We have a significantly blocked gray water tank. Think the previous owners lived in the unit and didn't properly use/service the tank.  I thought I had completely drained the unit before winter layup and that my sensors were just clogged (showing full tank), but apparently went through the winter with a full tank.  

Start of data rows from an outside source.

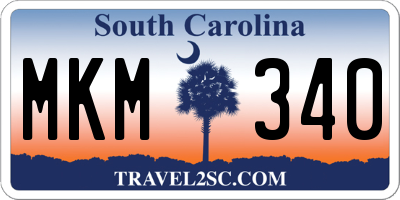 SC license plate MKM340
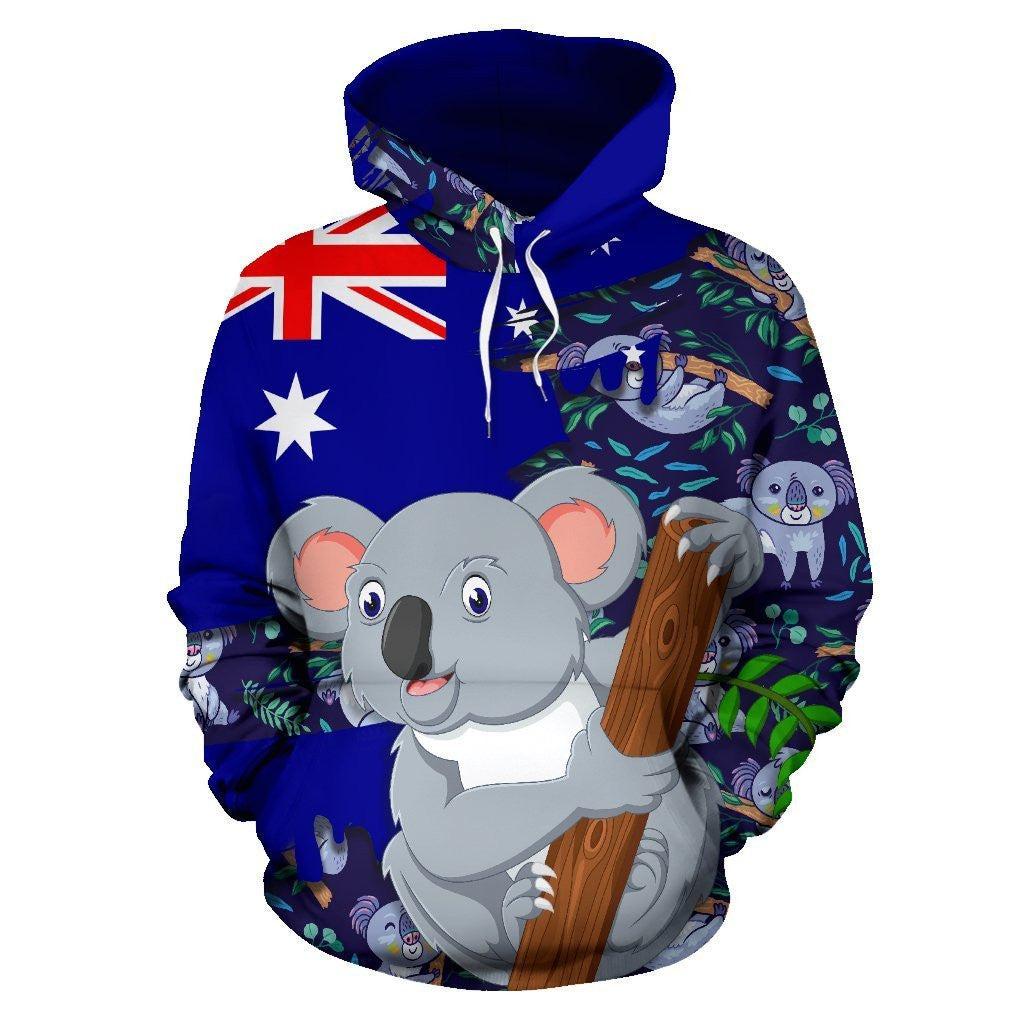 Australia Koala All Over Hoodie JT6 - Amaze Style�?�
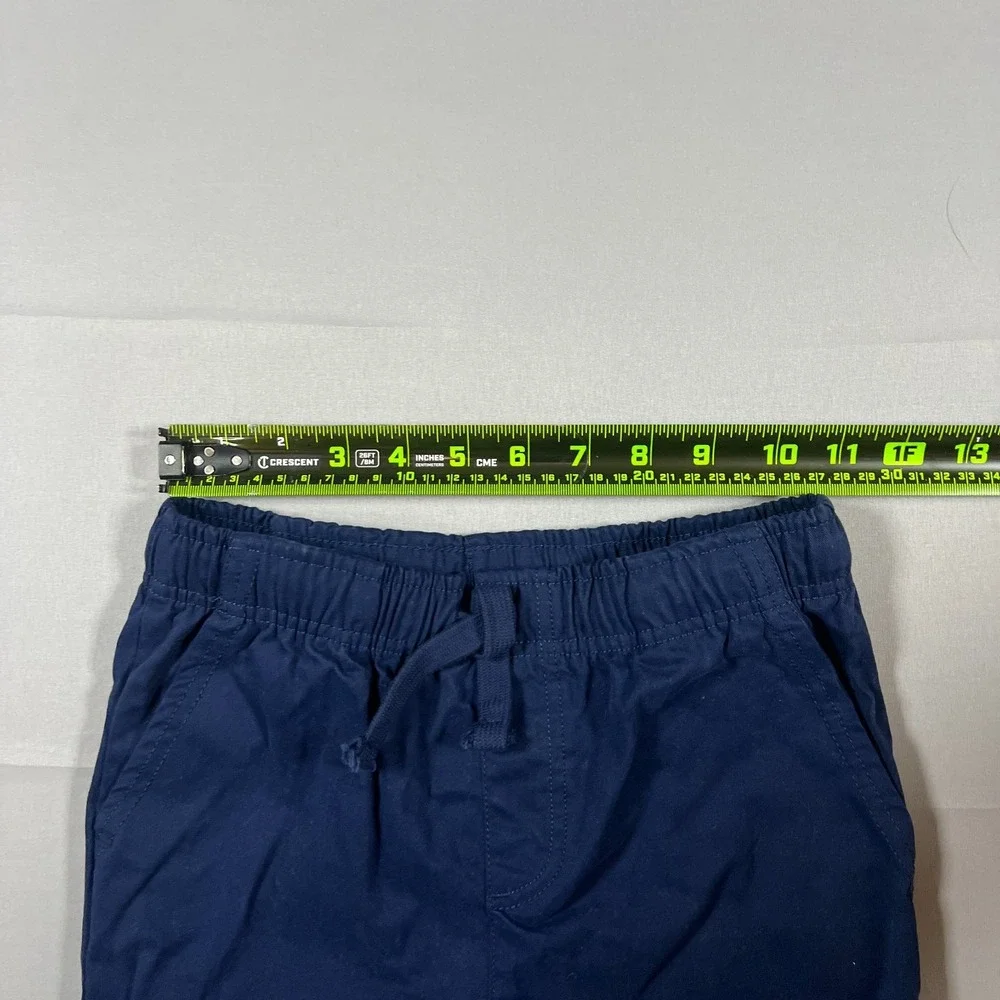 Tommy Bahama Jogger Pants Kids M 7-8 Navy Cotton Stretch Elastic Waistband Taper
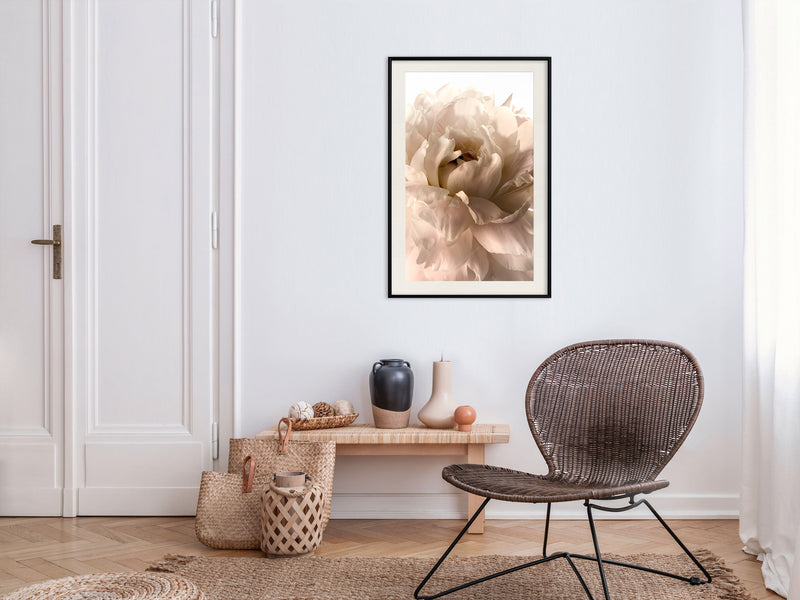 Poster - Bloom  - zwart passepartout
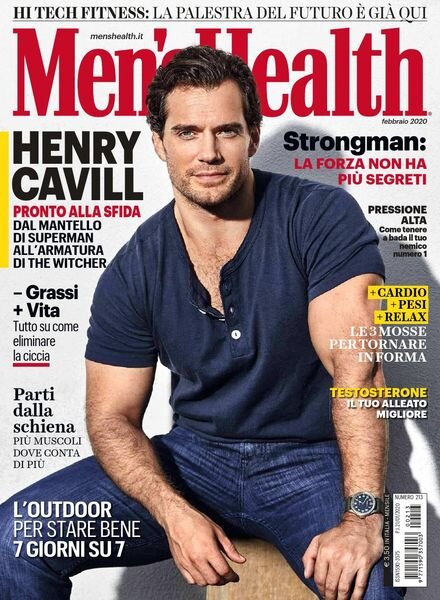 Men’s Health Italia – Febbraio 2020 Cover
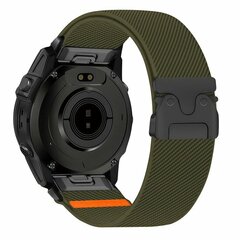 Nylonarmband mit Fallschirmschnallenverschluss - Dunkelgr&uuml;n - Garmin Quatix 8 - 47mm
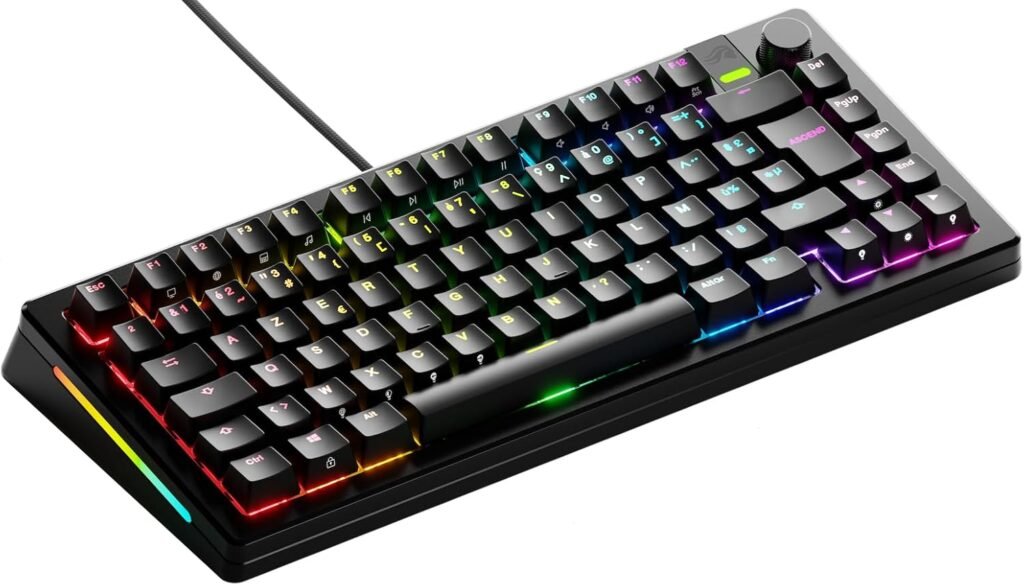 Glorious GMMK Pro aluminum mechanical keyboard RGB lighting
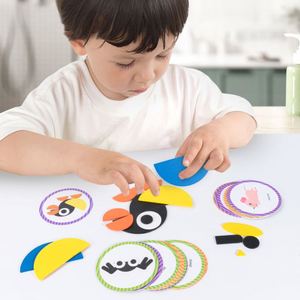 Divertidos Rompecabezas Educativos de Madera Montessori con Formas Geométricas de Animales y Colores para Niños - Product Image 5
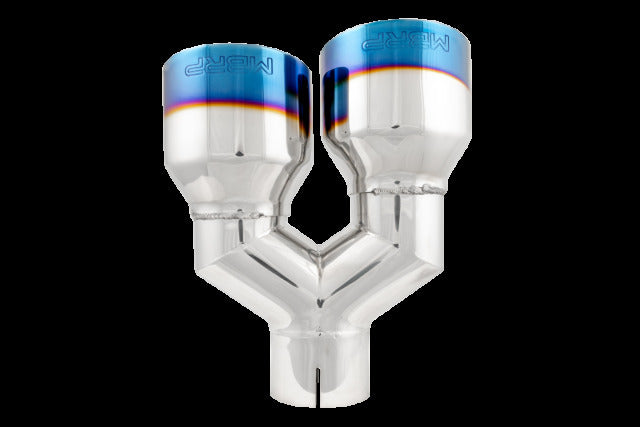 MBRP exhaust tip T304 stainless steel black coated carbon fiber tip T5177BE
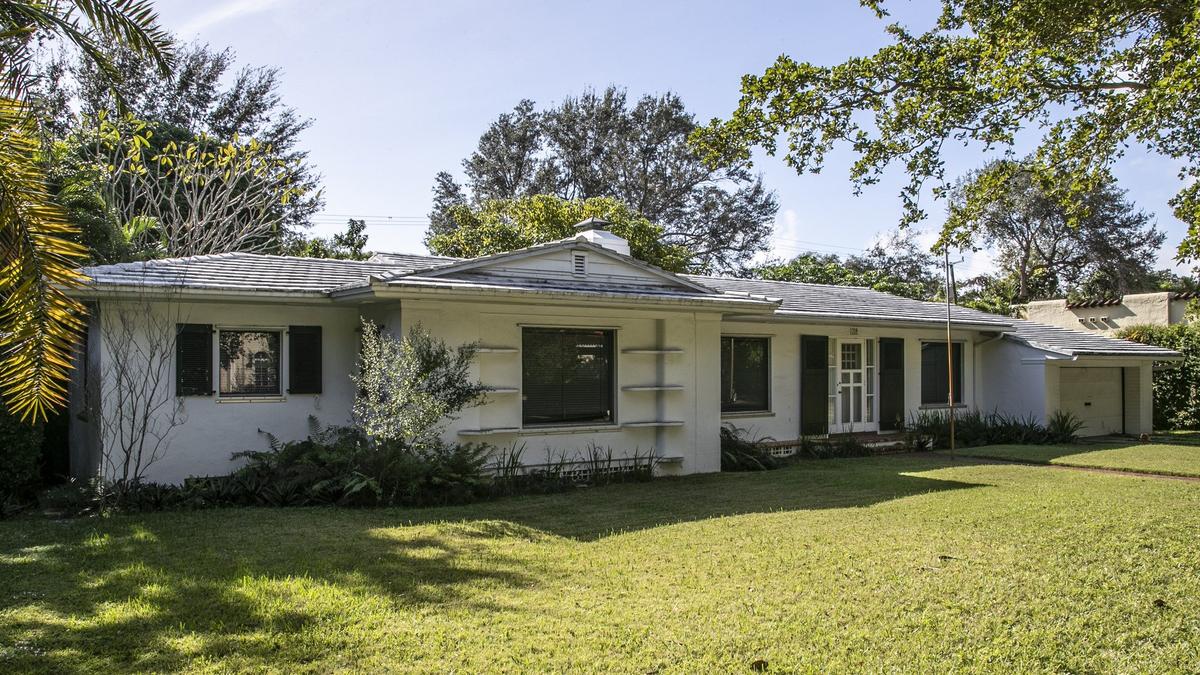This 1937 ranch house by noted Miami architect Russell Pancoast is up for historic designation by the city of Coral Gables..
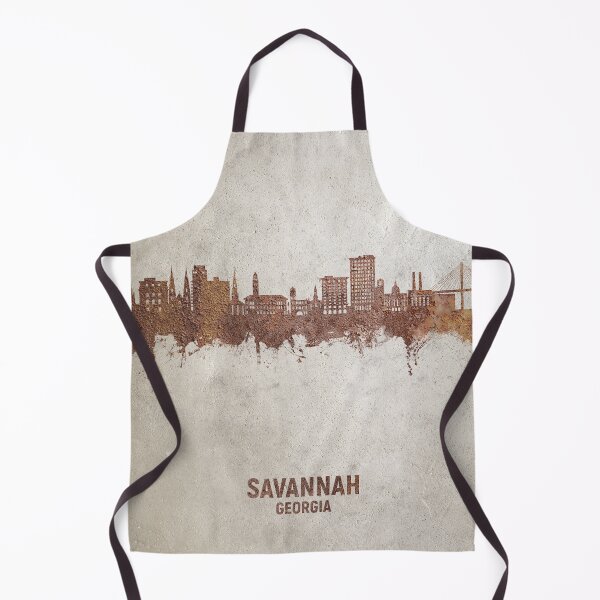 Item preview, Savannah Georgia Skyline designed and sold by ArtPrints.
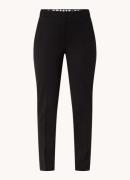 Beaumont Charlie mid waist slim fit cropped pantalon met persplooi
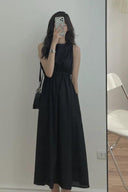 Elegant Sleeveless Dress Chic Korean Fashion Statement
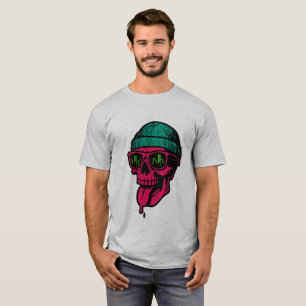 Streetwear Stad Silhouet T-Shirt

Virtually nothing comes out when I open the drain valve.  Since the valve and pipe are fairly small (compared to the BW), I can't get any kind of flush stick up the pipe.  I have been able to get about 15' of a snake up there, and a water hose (but only about a foot because of a pipe bend), and what comes out appears to be pieces of a chalky white substance, about 1/2 to 1 inch in size.  When touched, it crumbles apart.  I'm thinking that enough comes loose that it starts to drain, but clogs the pipe until I run the water back through it and them some more comes out before clogging again.  It doesn't look like grease; I'm baffled as to what it is.  Does anyone have any suggestions on how to break it up or emulsify it with some sort of chemical that won't hurt the tank or drain pipe/valve???


----------



## Butch (Apr 15, 2002)

Help!!!Gray Water Tank "Sludge"

Did see this once before.  On a neighbors coach on which we used a semi-hi pressure washer and sealed it into the drain with a towel.  The resultant pressure broke loose the clog.  After three times of doing this, we heard the water sloshing inside the tank.  it then flowed free.  His coach sat for four years without use which may have contributed to this.  However it was last parked with the grey tank half full.  I am not recommending anyone else try the hi pressure routine as it may blow apart a poorly cemented seam.  Happy Motoring, Butch - Nancy Lake, Alaska


----------



## phillyg (Apr 15, 2002)

Help!!!Gray Water Tank "Sludge"

Thanks Butch.  I have a 2300lb pressure washer and I have thought about using it, but I'm afraid that I'll bust something up in an inaccessible area and create another problem.  Unfortunately, the tank itself if not visible, only a few feet of the drain pipe.  I'm soaking some of the crud in Drano right now to see if it has any effect.  Thanks again.


----------



## phillyg (Apr 18, 2002)

Help!!!Gray Water Tank "Sludge"

Spent a lot of time on this yesterday.  Culligan guy thought it was scale and recommended muriatic acid.  Got a gallon, and tested a piece of the stuff in an undiluted sample of the acid.  I thought it would immediately bubble up and dissolve; wrong.  It's been about 18 hours now, and the stuff hasn't dissolved, but there are a few dead bugs in it.  So far, no chemical, vinegar, or baking soda has touched it.  

The good news is that with repeated back flushes with a water hose attached to the drain cap (until it backed up in the shower), I have been able to completely empty and refill the tank with fresh water four times.  I just kept at it and I get fairly clean water out, and a few of the chunks of the stuff come out each time, mostly when the tank is almost empty (one piece was about the size of a small hotdog).  I used the snake a couple of times attached to a drill to try to break the stuff up; however, I still think there's a lot of it up there.  Regardless, I think the problem is mostly solved, and if we are at a dump station and nothing comes out, if I start the backflush routine, I think I'll be able to get it started.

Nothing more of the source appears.